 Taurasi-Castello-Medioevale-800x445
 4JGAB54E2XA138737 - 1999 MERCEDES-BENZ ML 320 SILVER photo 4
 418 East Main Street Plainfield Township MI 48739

*****

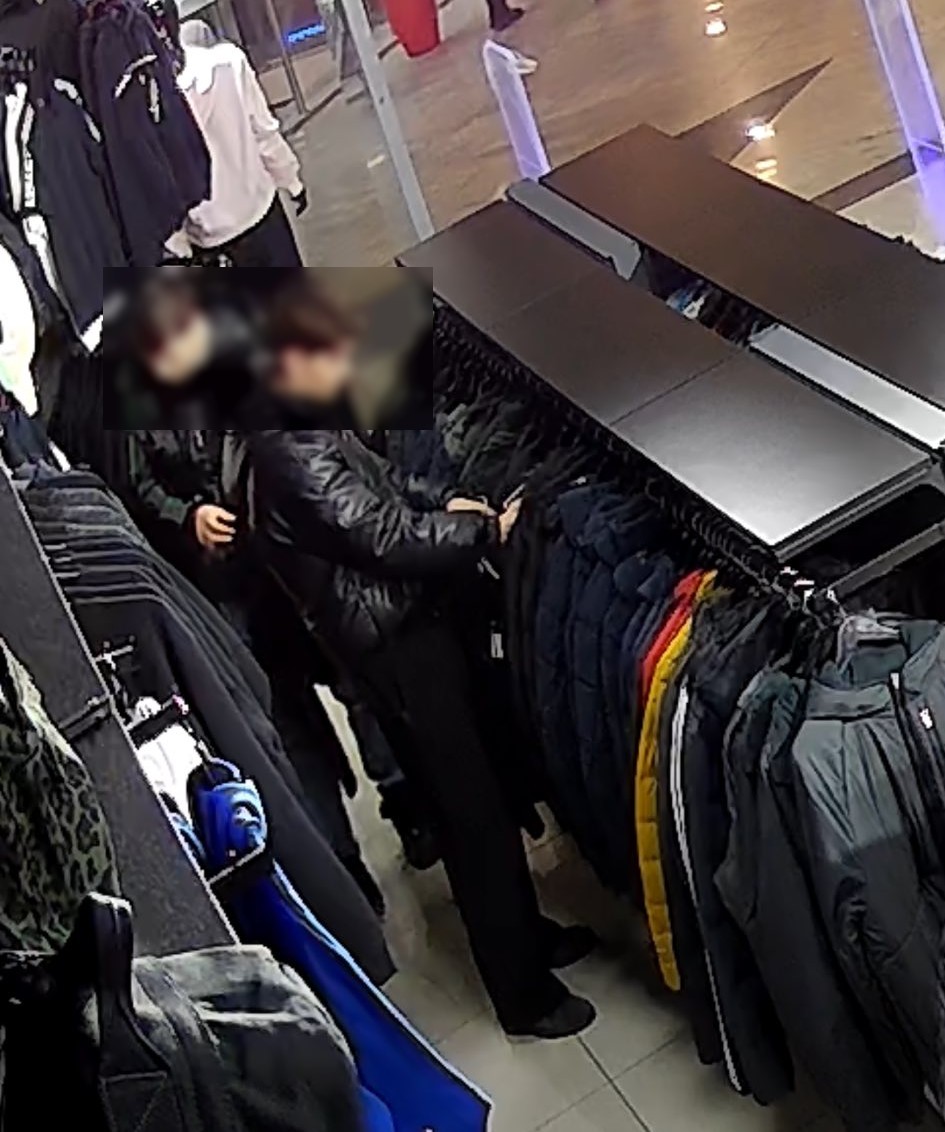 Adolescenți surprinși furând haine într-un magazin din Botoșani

*****

Required action.
After locating the line holding "Taurasi-Castello-Medioevale-800x445" above, output exactly that line and every line after it through the line holding "418 East Main". Include nothing else.

Task response.
 Taurasi-Castello-Medioevale-800x445
 4JGAB54E2XA138737 - 1999 MERCEDES-BENZ ML 320 SILVER photo 4
 418 East Main Street Plainfield Township MI 48739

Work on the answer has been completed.